A guide for the solo programmer

I have created a planning and organization process for developing software. The process works for me. I need to organize my work ahead of time or I get stuck working on unimportant details.

I have built minimalism into the process. I tend to work alone. Solo programming imposes very real limitations on the scope and completeness of software. One man can only do so much.

My process includes nothing that cannot be found in Worse is Better, The Cathedral and the Bazaar, Paul Graham’s writing, and Getting Real. These are well-written and well-known works. I thought I understood them when I read them, but I was wrong. It wasn’t until recently, after projects stalled and failed due to feature creep, that I understood the essence of the release early, release often idea. I have attempted to formalize the idea to be more actionable instead of philosophical.

Here is my hard-earned process for writing software. Note that this is not a strict algorithm. Sometimes I will apply filters from Step 2 when I am doing experiments in Step 3.

  1. Choose a purpose.

    The software must serve a single purpose. Clearly defining it will illuminate the entire software process.

  2. For each release:

    1. List features.

      List out all of the features you want in the software. Not all of these will make it into the release, but if it is not on this list, it will not make it into the release.

    2. Apply the following filters and transformations, in any order, repeatedly, until there is nothing further to filter out from the list of features.

      • Break features into subfeatures.

        If a feature can be broken into two features, do it. All features must be atomic. For instance, an easy one would be if I want to send messages by email and through a web API, that’s two features. Rule of thumb: if it can break, it’s a separate feature.

      • Eliminate unnecessary features.

        Features that are not essential to the purpose are unnecessary.
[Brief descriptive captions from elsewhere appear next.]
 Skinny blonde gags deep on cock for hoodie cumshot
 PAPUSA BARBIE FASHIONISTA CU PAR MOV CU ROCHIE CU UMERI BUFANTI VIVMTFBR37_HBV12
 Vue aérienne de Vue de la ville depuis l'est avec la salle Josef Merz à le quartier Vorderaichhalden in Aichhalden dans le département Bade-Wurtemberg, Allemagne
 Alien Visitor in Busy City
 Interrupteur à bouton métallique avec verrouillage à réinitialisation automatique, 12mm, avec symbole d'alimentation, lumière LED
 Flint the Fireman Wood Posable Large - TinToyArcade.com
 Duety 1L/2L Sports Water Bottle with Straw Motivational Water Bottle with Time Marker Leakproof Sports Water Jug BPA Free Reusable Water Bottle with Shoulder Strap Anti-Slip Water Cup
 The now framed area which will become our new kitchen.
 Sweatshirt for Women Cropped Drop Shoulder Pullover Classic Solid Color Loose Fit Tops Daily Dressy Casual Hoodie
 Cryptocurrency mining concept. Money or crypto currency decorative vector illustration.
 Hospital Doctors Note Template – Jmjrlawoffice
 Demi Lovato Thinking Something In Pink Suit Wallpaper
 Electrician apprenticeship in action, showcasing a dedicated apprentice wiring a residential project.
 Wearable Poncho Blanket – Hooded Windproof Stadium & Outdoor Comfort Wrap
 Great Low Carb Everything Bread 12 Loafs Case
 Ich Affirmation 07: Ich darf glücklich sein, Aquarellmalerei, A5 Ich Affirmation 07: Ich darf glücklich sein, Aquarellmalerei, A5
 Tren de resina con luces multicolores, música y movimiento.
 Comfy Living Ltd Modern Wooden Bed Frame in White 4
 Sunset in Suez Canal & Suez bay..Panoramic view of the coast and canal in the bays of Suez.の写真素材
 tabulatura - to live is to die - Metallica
Features that can be put off until the next version are unnecessary. In the above example, maybe email can wait until the next release. If it can wait, it will wait. You are trying to make a B line to release.

      • Fill in “hidden features”.

        Remember, if it can break, it’s a feature. Sometimes there are features that need to be listed because of the existence of other features. If you support two different communication channels, you need a way to choose between them. Whatever mechanism presents that choice is a feature, too. List it.

      • Simplify features.

        If a feature can be done more simply or more easily than what you originally intended, replace it. The primary way to release quickly is to simplify the release. Do you really need it to be customizable?

    3. Design and carry out experiments.

      Within your minimal set of features, there are often questions as to the best means of implementation. The experiments determine the answers to those questions.

    4. Order the features in order of dependency.

      The first feature is the one that does not depend on any others. Dependency is a complex and sneaky issue. You might say that a function needs a button to activate it. But the button is useless without the function. Which depends on which? Personally, dependency means dependent on another feature for usefulness. If I can activate a function in a very simple way (like immediately when the program starts), then that function does not depend on the button. The button depends on the function for its usefulness.

    5. Sketch out the first remaining feature on paper.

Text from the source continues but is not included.